But this is no formulaic novel: the characters and their dilemmas are entirely believable and their trials and tribulations explored with humour and warmth, and an admirable turn of phrase:
Waiting for a baby was like waiting for a heart attack – at a certain point, you had to just surrender and make other plans, not knowing if you’d have to cancel. (p134)
When he started talking, she held her finger between the pages, keeping her spot, but as he went on, she turned the book facedown onto her thighs. When Jim thought about the worst moment in his marriage, he thought about watching Franny turn her book over, the straight line of her mouth. (p186)
The various plotlines are wound together beautifully, with no detail redundant to the plot. My only criticism was in relation to Franny’s reluctance to drive the hire car because she’s unaccustomed to a “shift stick” seemingly forgotten when she volunteers to drive to the airport to pick up the rest of the party.

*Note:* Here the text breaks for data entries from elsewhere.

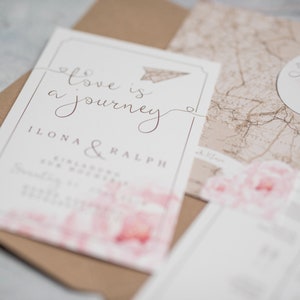 40x vintage wedding invitation Love is a journey Invitation Wedding Love is a journey, invitation card, paper plane, travel motto image 3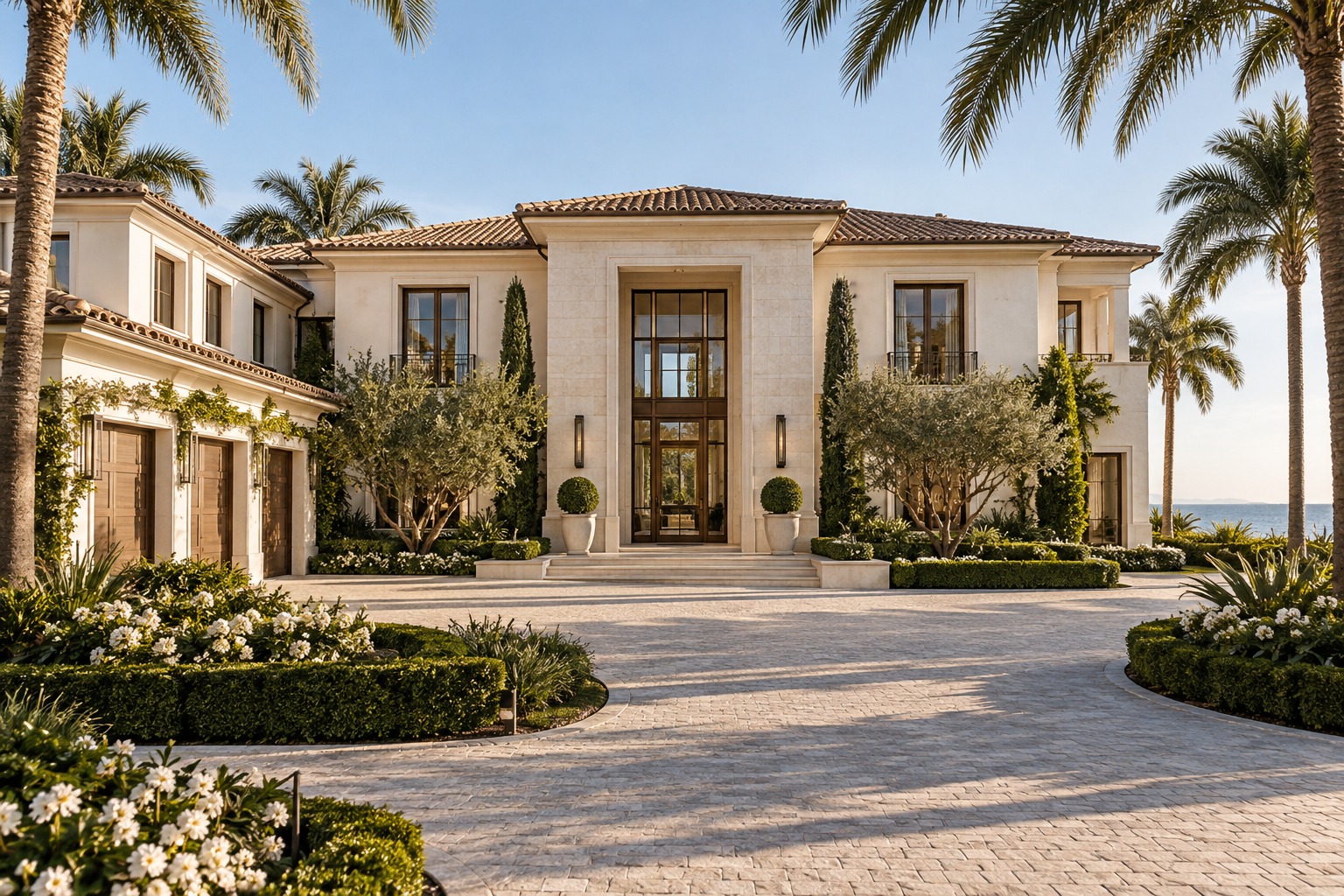 Limestone and stucco residence with landscaped arrival court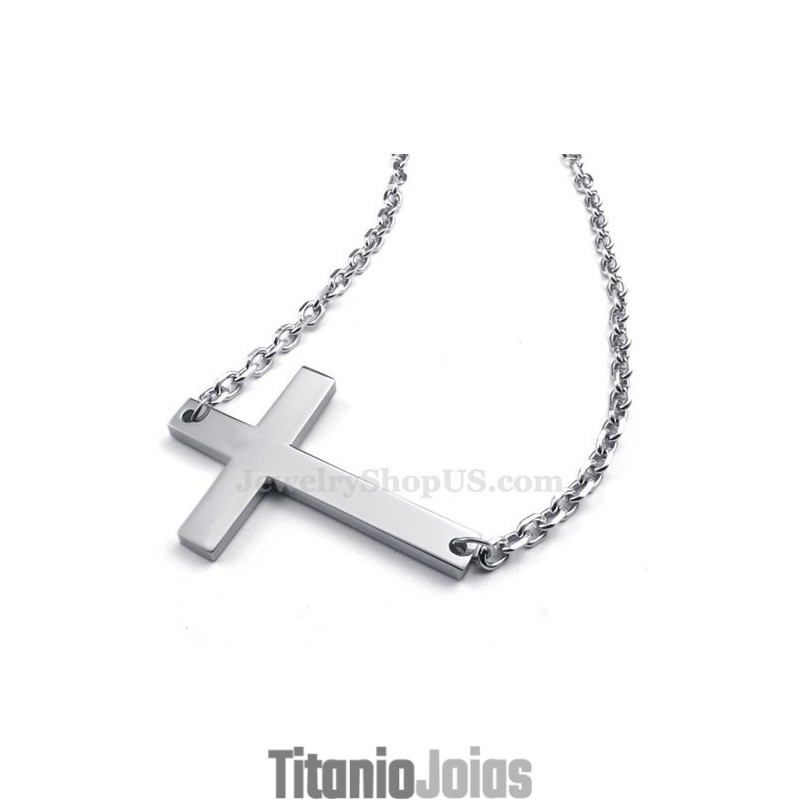 Colar Com Pingente De Cruz De Titânio (Corrente Grátis) Colar Com Pingente De Cruz De Titânio (Corrente Grátis)
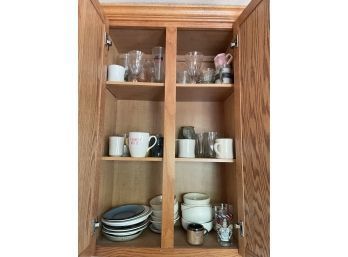 Cabinet Full Of Dishes!! Including Mugs, Plates, Glasses And Bowls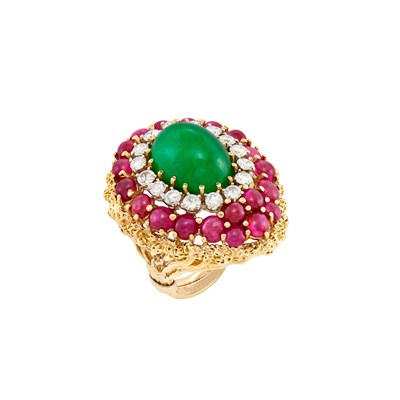 Lot 287 - Gold, Cabochon Emerald, Ruby and Diamond Ring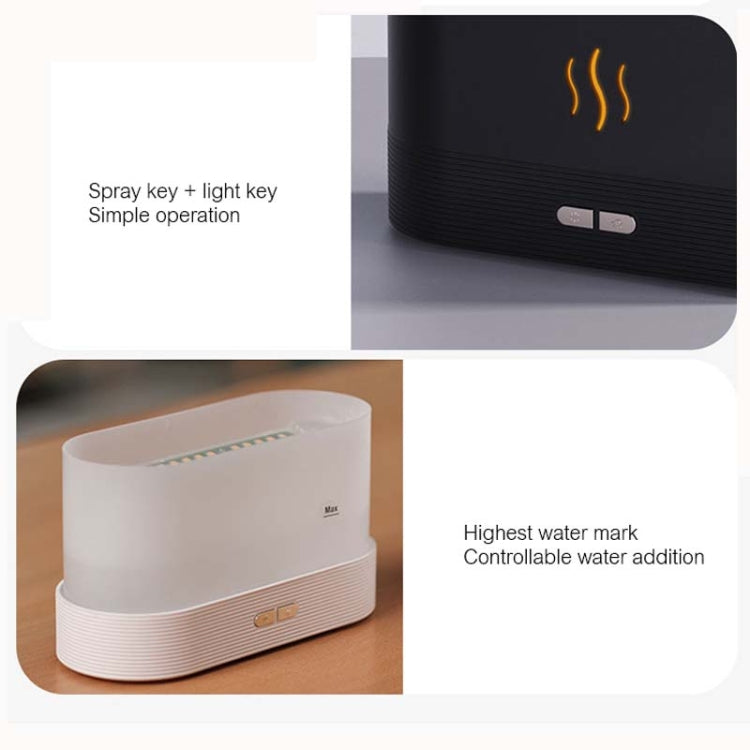 Máquina de Aromaterapia com 7 Cores de Chama para Casa e Escritório, Humidificador de Ar de Secretária, 7 Cores (Preto), 7 Cores (Branco)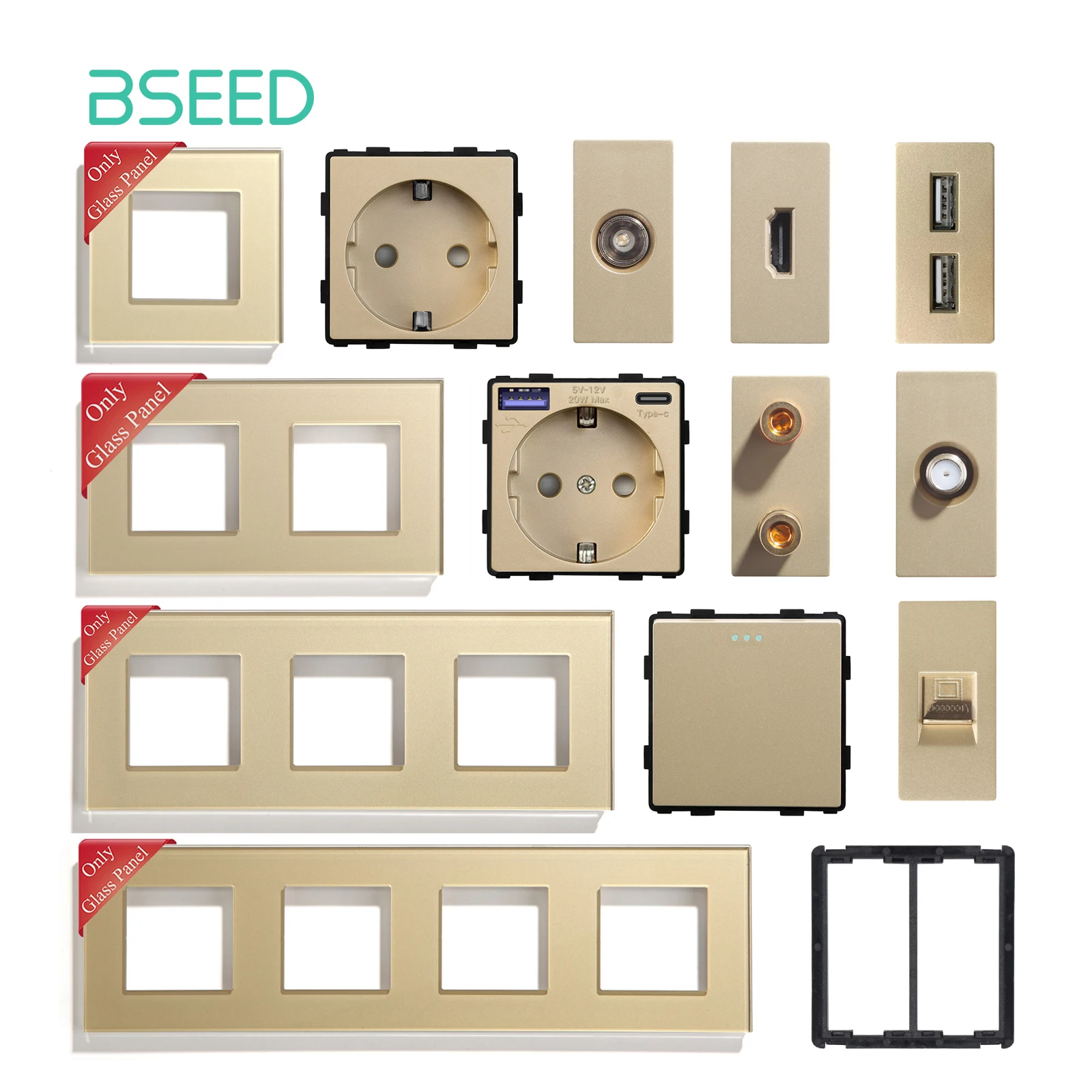 BSEED TV ST CAT5/6 RJ45/11 Double USB Type-c EU Socket Parts Crystal Glass Frames Mechanical Light Switches Free Combination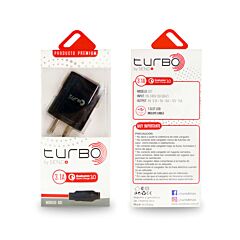 Cargador Turbo S01 3.1A 1 Puerto Tipo C + Cable C - Ip Negro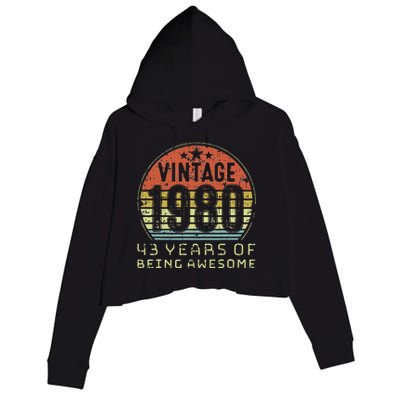 43 Year Old Birthday Vintage 1980 43rd Birthday Crop Fleece Hoodie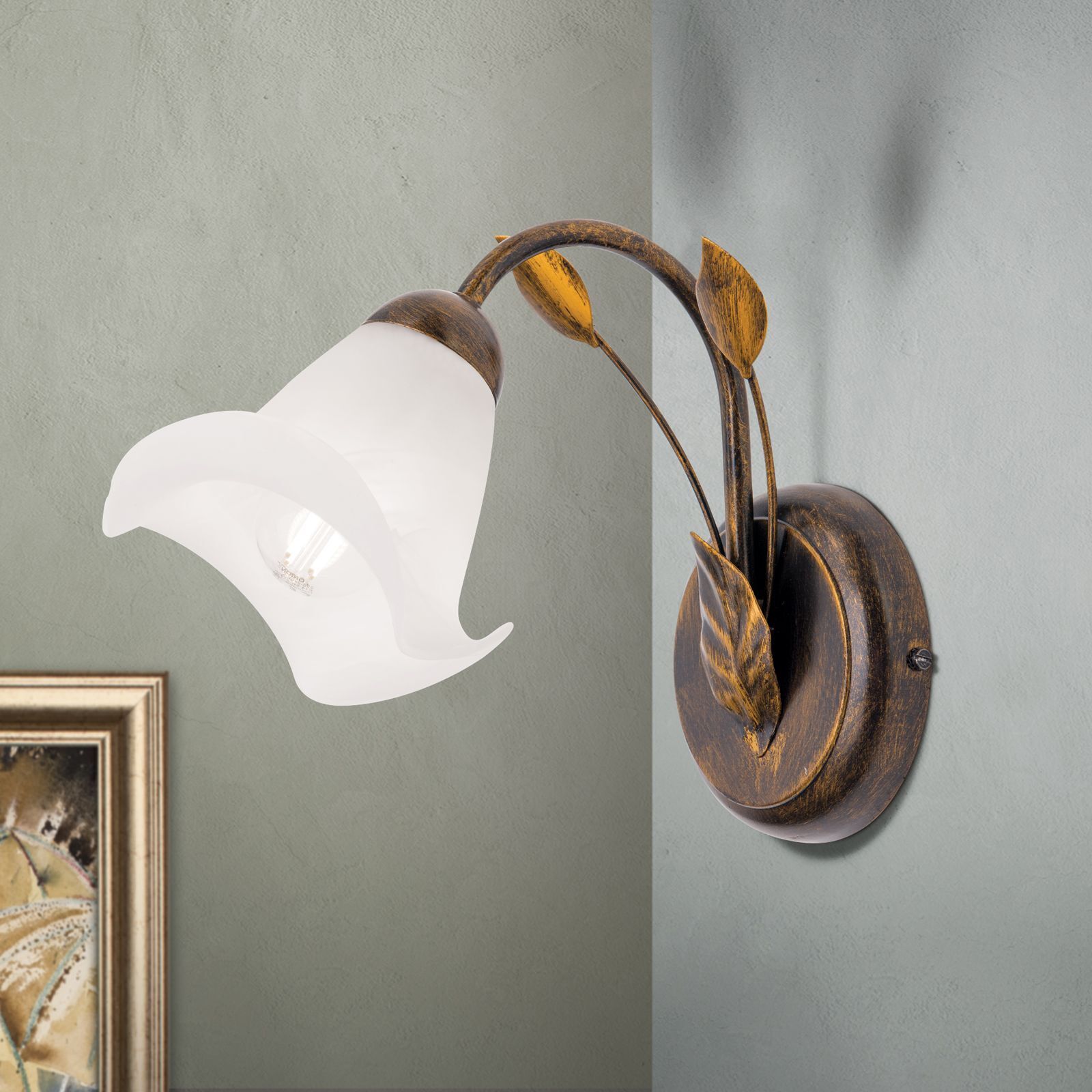 Wandlampe Metall Glas H: 21 cm Shabby Antik Weiß E14 Wandleuchte, Wandlampe, Metall, Bronze, Blattdekor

I enjoyed this novel and, because of its relatively happy ending and because it’s a page-turner without dumbing down, it might make for an ideal holiday read. Okay, perhaps not if you’ve booked a Majorcan villa slightly beyond your budget for friends and family or if, like me, are spooked by travel even of the most straightforward kind. After taking part in Charli’s travel horror challenge, I totally identified with Jim in these opening lines:
Leaving always came as a surprise, no matter how long dates had been looming on the calendar. Jim had packed a suitcase the night before, but now, moments before their scheduled departure, he was wavering. Had he packed enough books? (p1)
and my anxiety didn’t abate until we were into the second week of the holiday.
The Vacationers is published in paperback in the UK today by Picador from where I received my review copy.
Can you think of any other examples the holiday-villa novel? What kind of thing do you like to read when you go away?